2. Records. The Administrator shall maintain appropriate books of account and records relating to services performed hereunder, which books of account and records shall be accessible for inspection by the Issuer, the Indenture Trustee, the Noteholders, the Eligible Lender Trustee, the Delaware Trustee and the Owner at any time during normal business hours.
3. Compensation. As compensation for the performance of the Administrator's obligations under this Agreement and as reimbursement for its expenses related thereto, the Administrator shall be entitled to the Administration Fee payable as set forth in the Indenture. The payment of the foregoing fee shall be solely an obligation of the Issuer, payable out of the Trust Estate.

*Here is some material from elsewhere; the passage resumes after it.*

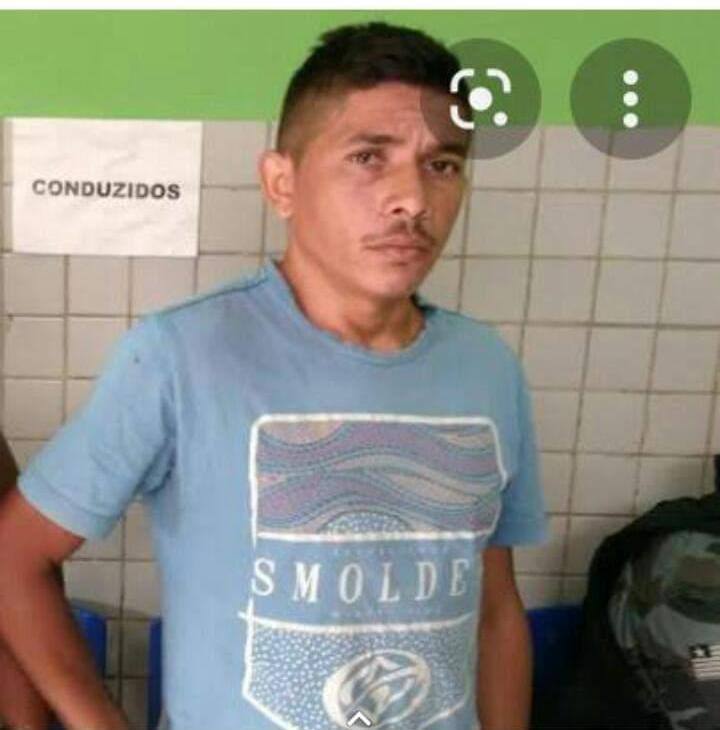 Homem é Executado E Outro é Baleado Dentro De Casa Na Zona Leste De ...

4. Additional Information to be Furnished. The Administrator shall furnish to the Issuer and the Indenture Trustee from time to time such additional information regarding the Trust Estate as the Issuer or the Indenture Trustee shall reasonably request.

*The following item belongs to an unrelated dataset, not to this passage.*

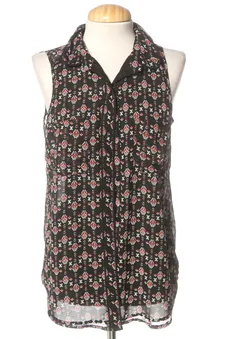 Camicia S Pimkie, foto 1 di 2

5. Independence of the Administrator. For all purposes of this Agreement, the Administrator shall be an independent contractor and, notwithstanding its affiliation with the Issuer, shall not be subject to the supervision of the Issuer, the Eligible Lender Trustee or the Delaware Trustee with respect to the manner in which it accomplishes the performance of its obligations hereunder. Unless expressly authorized by the Issuer, the Eligible Lender Trustee or the Delaware Trustee, the Administrator shall have no authority to act for or represent the Issuer, the Eligible Lender Trustee or the Delaware Trustee in any way and shall not otherwise be deemed an agent of the Issuer, the Eligible Lender Trustee or the Delaware Trustee.
6. No Joint Venture. Nothing contained in this Agreement (i) shall constitute the Administrator and either of the Issuer, the Eligible Lender Trustee, the Delaware Trustee or the Owner as members of any partnership, joint venture, association, syndicate, unincorporated business or other separate entity, (ii) shall be construed to impose any liability as such on any of them or (iii) shall be deemed to confer on any of them any express, implied or apparent authority to incur any obligation or liability on behalf of the others.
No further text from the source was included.